El cardenal Robert Sarah es, curiosamente, una figura muy respetada en los círculos conservadores por su defensa firme de la liturgia tradicional, su crítica al relativismo moral y su diagnóstico de la crisis espiritual de Occidente. Sin embargo, sus pares parecen ahora eclipsar lo que en redes sociales circuló como “el Papa negro”. Es que, finalmente, se nota que estas sutiles coincidencias siempre terminan opacando todo aquello que recuerda lo que es propiamente el tradicionalismo católico.
Por un lado, su presencia en un futuro cónclave es esperanzadora para quienes anhelan un retorno a la sacralidad, el orden y la reverencia en la Iglesia. Pero, por otro lado, que su restitución dependa de un ajuste administrativo podría debilitar simbólicamente su autoridad, como si su permanencia en la esfera decisoria fuese un accidente burocrático y no una necesidad espiritual de la Iglesia.
Finalmente, esta nota puede interpretarse como una muestra del sentimentalismo moderno que ha infiltrado incluso los ámbitos más sagrados de la Iglesia. La forma en que se presenta la noticia —casi como una “segunda oportunidad”, un renacer institucional— parece más propia del lenguaje terapéutico o mediático que de la seriedad austera de la tradición católica. La Iglesia no es una ONG ni una democracia que se emociona con los relatos personales de sus miembros. Es una estructura jerárquica, divina en su origen, cuyo orden debe reflejar el misterio del Cielo.

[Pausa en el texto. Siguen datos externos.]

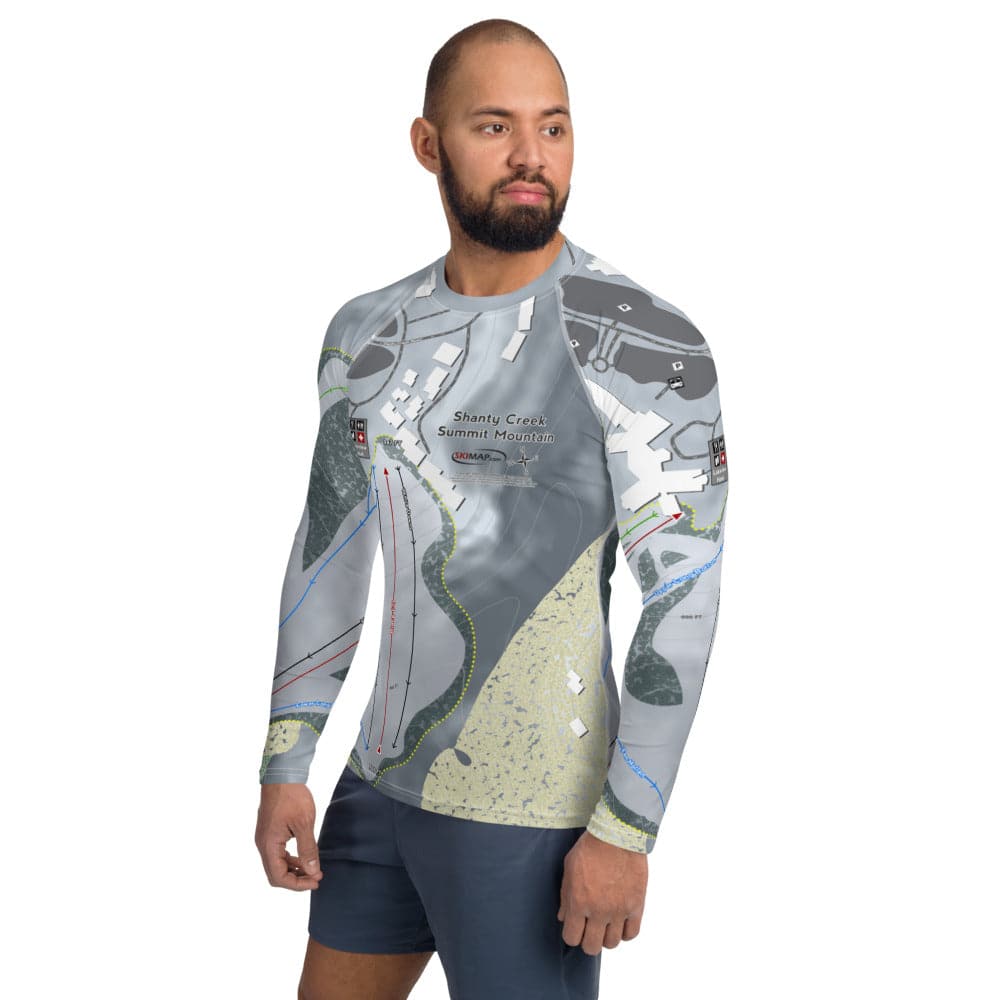 Shanty Creek Summit Mountain, Michigan Ski Trail Map Men's Base Layer Top - Powderaddicts
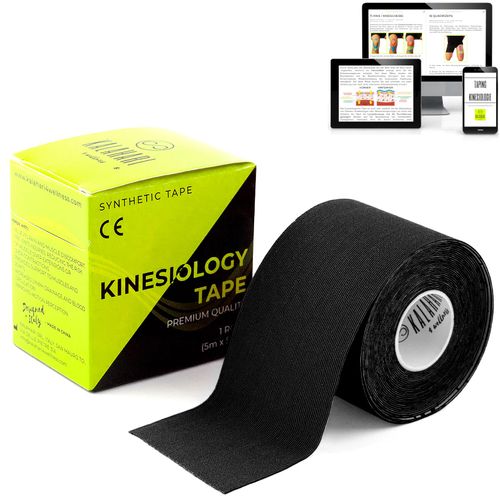 Kalahari 1 x Kinesiology Tape with E-Book Instructions in German - Waterproof, Elastic Kinesiotape for Better Adhesion and Impermeability to Water and Sweat (5 cm x 5 m) Black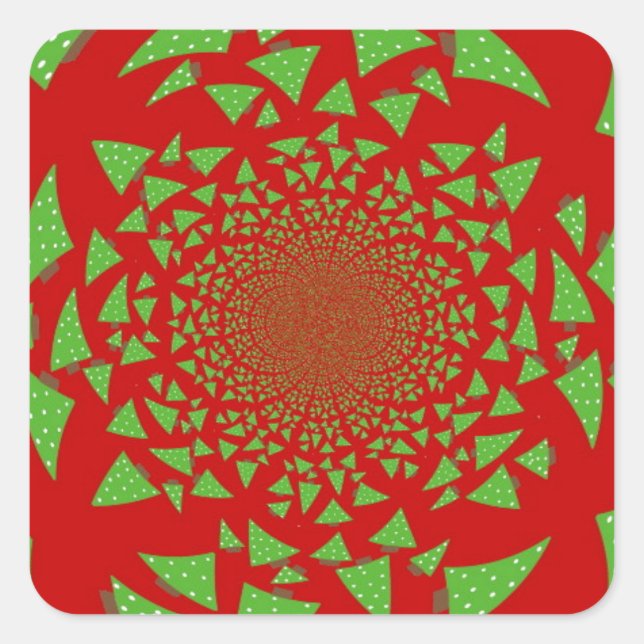 Rotes und grünes Fraktal Quadratischer Aufkleber (Vorderseite)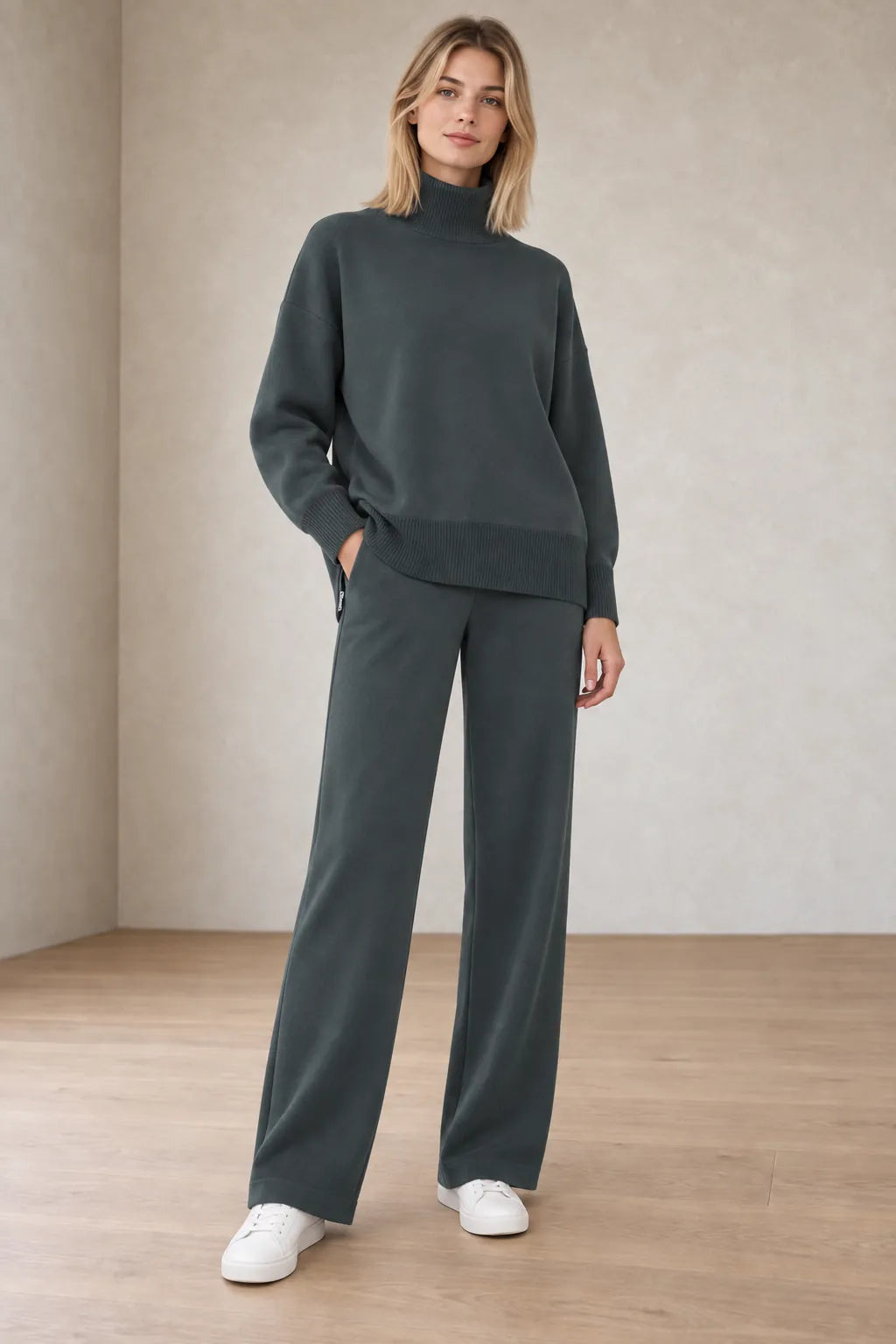 Women's Turtleneck Lounge Set - Long Sleeve Top & Straight-Leg Pants - Charcoal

Desde una perspectiva conservadora, lo que parece una noticia menor refleja tendencias más profundas y preocupantes: la erosión del principio de autoridad basada en la tradición, la tentación del identitarismo eclesial y la creciente sentimentalización de los asuntos de gobierno eclesiástico. No se trata de negar la valía de los cardenales Turkson y Sarah, sino de preguntarse qué se está perdiendo cuando se privilegia la flexibilidad administrativa sobre la estabilidad doctrinal. En tiempos de confusión, la Iglesia no necesita excepciones ni ajustes, sino claridad, firmeza y fidelidad a la Tradición que la ha sostenido durante dos mil años.